Scale of the Disruption
Pueblo Viejo is one of the world's largest and lowest-cost gold mines, producing approximately 800,000 ounces of gold annually on a 100%-basis — of which Barrick holds a 60% attributable share alongside Silver Wheaton streaming partner Wheaton Precious Metals. The mine also produces meaningful quantities of silver as a co-product. A full suspension lasting even two to four weeks would remove an estimated 40,000 to 65,000 attributable gold ounces from Barrick's second-quarter output, a material miss against analyst consensus estimates for the period.
In a statement issued before North American markets opened Monday, Barrick said crews are working to assess the structural stability of the affected pit wall and clear access roads that were blocked by debris. The company indicated that its processing plant, located approximately 1.5 kilometres from the slide zone, did not sustain major structural damage, which would allow for faster restart once the pit is declared safe. However, geotechnical surveys typically require several days to complete in terrain of this complexity.
Broader Supply Context
The Pueblo Viejo incident arrives at a sensitive moment for global gold supply. World Gold Council data published last month showed that mine production in the first quarter of 2026 grew just 1.2% year-over-year globally, the slowest quarterly growth rate since 2022. The modest output expansion reflects a combination of factors: ore grade deterioration at several mature operations in Nevada and Western Australia, ongoing permitting delays for new projects in Canada and West Africa, and rising energy and labour costs that have made marginal deposits uneconomic at current capital expenditure levels.
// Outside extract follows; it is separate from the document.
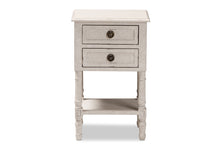 Load image into Gallery viewer, Baxton Studio Lenore Country Cottage Farmhouse Whitewashed 2-Drawer Nightstand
South Africa, once the world's largest gold producer, continues its multi-decade structural decline, with Q1 output from the Witwatersrand Basin falling another 6% compared to the same period a year ago. Strikes at several deep-level shafts operated by Gold Fields and Harmony Gold in January disrupted an additional estimated 25,000 ounces of production that has not been fully recovered. Combined, these pressures have left the global supply picture meaningfully tighter than it appeared six months ago.
Silver Co-Production Impact
Silver markets are also monitoring the Pueblo Viejo suspension closely. The mine produced roughly 4.5 million ounces of silver in 2025, and Wheaton Precious Metals holds a silver streaming agreement on a portion of that output. A prolonged halt would reduce Wheaton's attributable silver deliveries in the quarter, though the company has not yet issued guidance revisions. Silver's dual demand profile — monetary and industrial — means supply disruptions can have an outsized price effect when physical markets are already tight, as they have been in recent weeks.
Analyst Reaction
Analysts at two major investment banks flagged the suspension in Monday morning notes as a potential upside catalyst for gold prices in the near term, particularly if the outage extends beyond two weeks. RBC Capital Markets described Pueblo Viejo as "one of the last high-margin, high-volume assets in the global gold supply chain," noting that replacement ounces at comparable cost profiles are difficult to source in the current project pipeline. BMO's mining team trimmed their second-quarter Barrick output estimate by approximately 5% pending further clarity from the company.
Barrick shares opened down 2.1% in Toronto Monday morning. The company is expected to provide a more detailed operational update by mid-week once geotechnical teams have completed their initial assessment of the slide zone. Investors and market participants will be watching closely for any indication that structural damage to the pit extends the suspension into Barrick's peak summer production period.